One of the most important outcomes of letting perceptions rule relationships is that it creates ‘false identities’ for us. When someone has formed a perception that you are ‘moody’ (and you know it) you will automatically tend to be moody in his presence.

While I do not think that it’s not possible (and not needed too) to completely stop forming perceptions, I definitely think we can stop it from ruining our lives and the others around.

Here are some thoughts and suggestions:

  • I think the first thing is to see situations and people as they are, without the frills around it. Rather easy said than done. But you we are more mindful and understand how ego and mind works, I think you will be able to do this
  • Drop the notion that people are out there to get you. This arises out of fear, and leads to the wrong assumptions we make.
  • Even if you form perceptions, don’t let your ego latch on to it. Without the ‘ego’ playing our side, you will be able to solve it through discussions.
  • Whether you have formed a perception or fighting one, don’t go around discussing with people. It feeds your ego and further reinforces the perception. Seek help if needed from someone who can help.
  • If you are discussing with someone on a perception issue between the two, don’t let your emotions to take over. That will further aggravate the issue. Stay calm and don’t lose your balance
  • If you try are trying to change a perception someone has formed on you and it doesn’t work, just drop it. Understand that it is his problem and let him deal with it. Stay away.
  • Drop the conditioning that everyone has to have good and right perceptions on you. Try to resolve it only if it has any relevance to you. Don’t let your ego chase it.

 

After all perceptions are transient, they are bound to change. No one is going to hold on to a particular perception on forever.

Surrender

Surrender is a beautiful concept advocated by all the Indian religions. It is even placed superior to many of the spiritual practices.

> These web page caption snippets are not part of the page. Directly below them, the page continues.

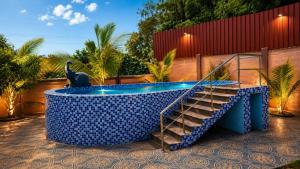 a pool with a staircase and a statue of a bird at Happy Mates Forest Villa in Pondicherry +8 photos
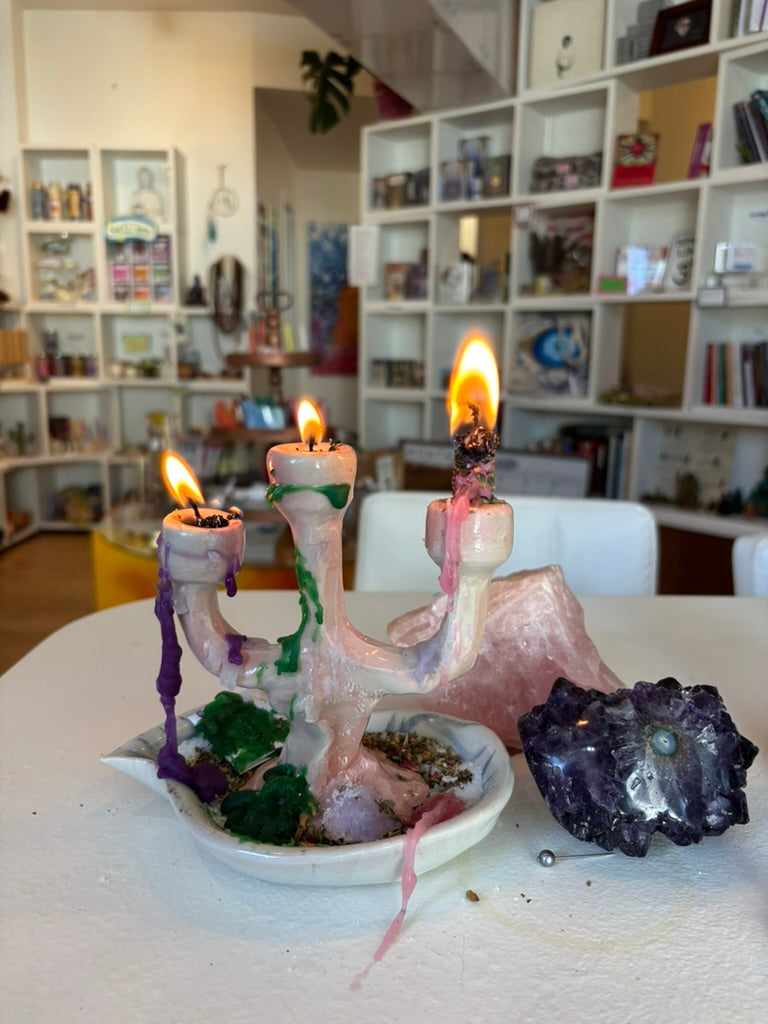 Small handmade candlestick holder styled on an altar with crystals and herbs, creating a beautiful setting for meditation and magic.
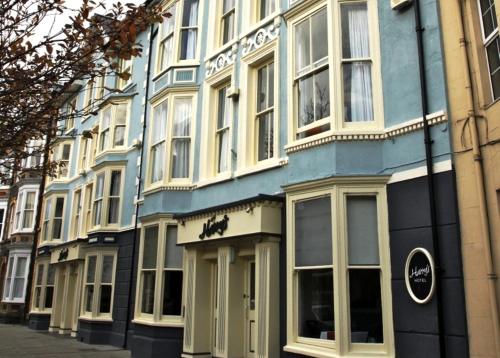 a blue building with white windows on a street at Harry's Hotel & Restaurant in Aberystwyth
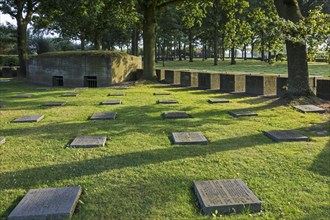 Bunker and graves of fallen German soldiers at the First World War One military cemetery Deutscher Soldatenfriedhof Langemark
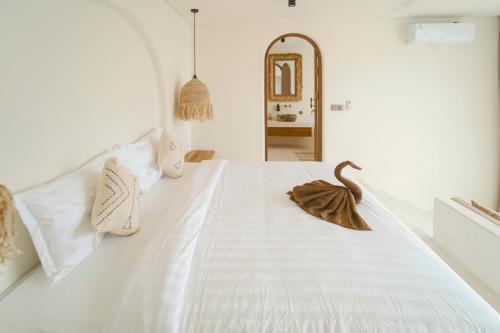 Ένα ή περισσότερα κρεβάτια σε δωμάτιο στο Casa Luna Penida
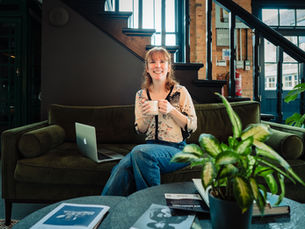 A woman sitting on a sofa with a cup of tea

But what does it mean really? What do one surrender? To whom? What happens after that?

I had my own problem understanding what surrender means. It is a tradition in India to offer your problems to a god, diety or a guru. This seemed to me the closest possible meaning of surrender, when I tried to undertsand this initially. 

This is how I experimented this.When I had a problem that I couldn’t solve or escape from, I said – God, I can’t handle this, I’m surrendering this to you. You take care. But it didn’t really work and soon it looked more like a ritual. I realized that such a surrender demanded complete faith (in whatever you surrender to), which was another abstract concept I needed to then understand. Without faith, the surrender was meaningless, because I doubted whether it would work or not and still continued pondering on it. Subconciously, I wished it would work, because my faith would grow then! So I had another chicken-egg situation. 

I dropped it for months till I became interested in  Mindfulness  and present moment. I decided to attempt to be ‘in the present moment’ for a week or so, just to feel it out ( I didn’t continue that for a reason; that’s for another post). As I became more and more mindful (in the present), surrender manifested all of a sudden! It was there in the present moment.

This brought about a totally diffrent meaning to Surrender. The real surrender is to drop all the resistance (to anything, may be after you failed to solve it or escape from) and just be in the situation. And the problem is no more there, simply because in present moment there are no problems.

Try it yourself. If there is a problem thats bothering you right now, just drop all your resistance to it, accept it fully and just be there. See what happens.(No cheating, be true to yourself, the acceptance has to be total and effortless)

I have tried this in some simple issues in my life and it works beautifully. But I think the challenge is to apply it to real serious issues (especially where ego is involved..)and that’s something I would like to start practicing.